As an enormous amount of data – very often personally identifiable information – continues to flow from increasingly diverse sources, companies that collect this data are responsible for protecting and using it ethically. Diverse data privacy regulations across the globe, varied individual perceptions about privacy, data migration to cloud, new legal developments, such as the Schrems II ruling, adoption of emerging technologies and so on, make data handling very complex. What’s more, COVID-19 has introduced new challenges with an unforeseen effect on the way sensitive data is collected and utilized—be it tracking people movement, sharing cross-border data such as health records and employee travel history, or accessing sensitive data beyond secure office networks. Let us see how this landscape has changed in recent times, the various impact vectors, and the different stakeholders and their contributions.
Rising scenarios of data misuse
The rising adoption of artificial intelligence (AI), accelerated digitalization spurred by the pandemic, and ever-growing social media engagement increase the risk of data misuse, making data ethics more relevant. Customers are becoming increasingly aware of their privacy rights, as they understand the implications of sharing their personal data. According to a survey by PwC, 85% of consumers do not trust companies with their data and 76% have negative views about sharing personal information with firms. Unethical data usage exploiting personal attributes like gender, age, race and location, have had legal, reputational, and financial implications on companies, and the risk is bound to increase owing to upcoming regulations across markets such as Brazil’s General Data Protection Law (LGPD), Australia’s Privacy Act, Canada’s Digital Charter Implementation Act, 2020 (DCIA), and the US’ California Privacy Rights Act (CPRA). The Facebook-Cambridge Analytica data scandal is an example of how companies can put data to wrong use and face consequences. Customers do not hesitate to switch to competition if they feel their data will be misused.
According to a report by the World Federation of Advertisers, ethics is three times more important to company trust than competence, and even a 1% increase in brand trust will drive up the market value three-fold.
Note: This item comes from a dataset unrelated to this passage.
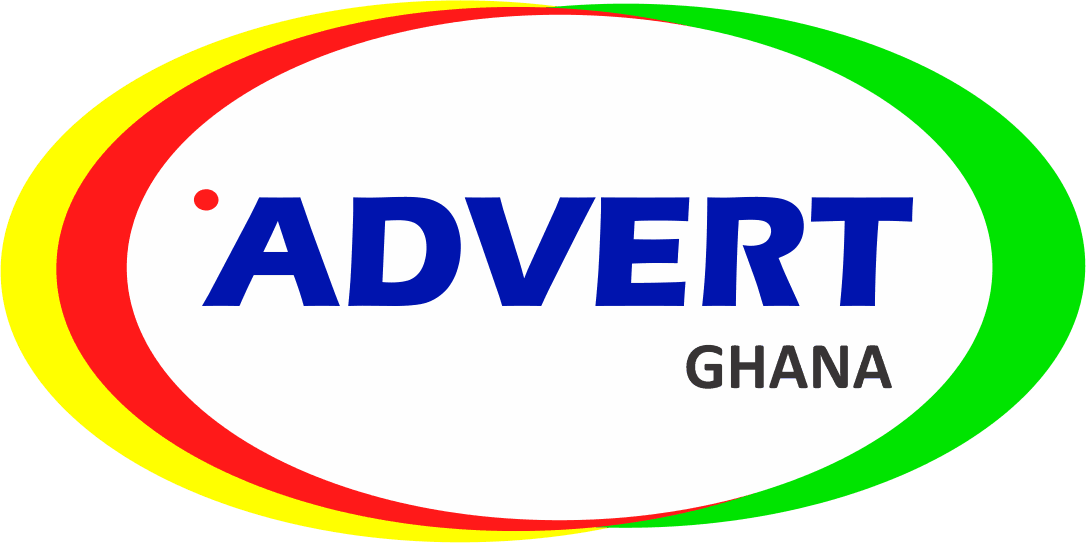 Advert Ghana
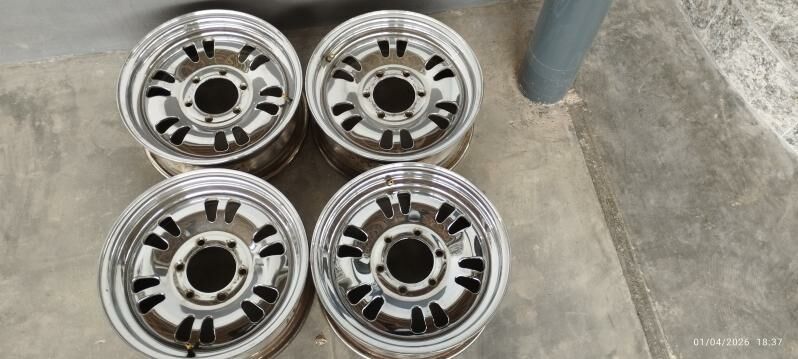 Toyota disga R16 3 600 TMT - Балканабат - img 1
Firms engaging in unethical practices have to bear the cost of huge regulatory fines and long legal battles, which take a toll on a company’s brand image, customer loyalty, and trust.
Below are some scenarios that can lead to data misuse:
Complicated and lengthy privacy policies contain hidden clauses that can breach an individual’s personal space.
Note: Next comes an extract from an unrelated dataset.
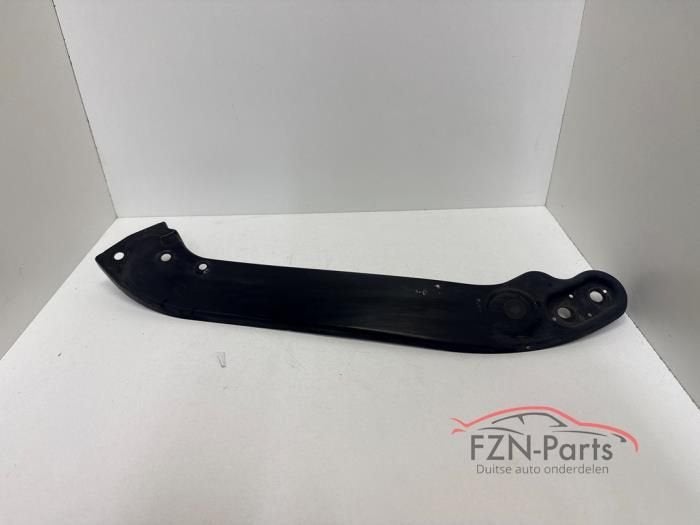 VW Touran 5TA Koplamphouder links (5TA805929), Enlèvement ou Envoi, Utilisé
Companies use data for unintended or undeclared purposes such as sharing or selling data to third parties, personalized ad targeting without consent, analyzing private conversations from voice assistants, and so on.
As companies embrace AI-driven decisions, biased recommendations can occur due to skewed datasets, erroneous algorithms, lack of human supervision, unethical practices of developers, and more.
Lack of visibility in usage for data exchanged between governments and private firms.
Oversharing of personal data by individuals.
Widespread remote working leading to new security vulnerabilities.
To ensure data privacy, companies currently:
Take action to meet the new privacy regulations and laws but treat it as mere legal compliance
Have detailed privacy policies that are accurate by law but protect only the company
Establish and maintain data privacy and protection as IT programs
Have mandatory training programs on privacy for employees
Safeguarding against unethical data usage
While companies ensure data privacy and protection only for legal compliance, a data ethics program goes deeper and identifies what companies need to do to gain customer trust and increase brand value. Organizations that realize this have taken a number of steps such as appointing a chief data officer (CDO). The rate of CDO appointments grew from 12% in 2012 to 67.9% in 2019 and a CDO’s role as a data ethicist is gaining prominence, a 2019 survey by NewVantage Partners found. Even tech giants like Google, Amazon, and Twitter are putting data privacy at the center of their business objectives.
So, what should a data ethics program comprise?
Data ethics as a core value that ensures accountability from the leadership to the individual level
User friendly presentation of privacy policies
A responsible and explainable AI framework
Privacy frameworks that keep pace with regulations and laws
Training programs relevant to business functions and data collected
While businesses play a major role in this responsibility, governments and individuals should do their part as well to create a win-win situation.
Governments can enforce ethics by making companies abide by the law, regulate excessive data collection on the premise of the pandemic, create standard data ethics frameworks to help companies innovate without the fear of non-compliance, and raise public awareness. Individuals on their part should act responsibly when they share data on social networks or websites.
Customer trust is the cornerstone for businesses to thrive and companies should make genuine efforts for ethical data handling, to create outcomes beneficial for themselves and their customers.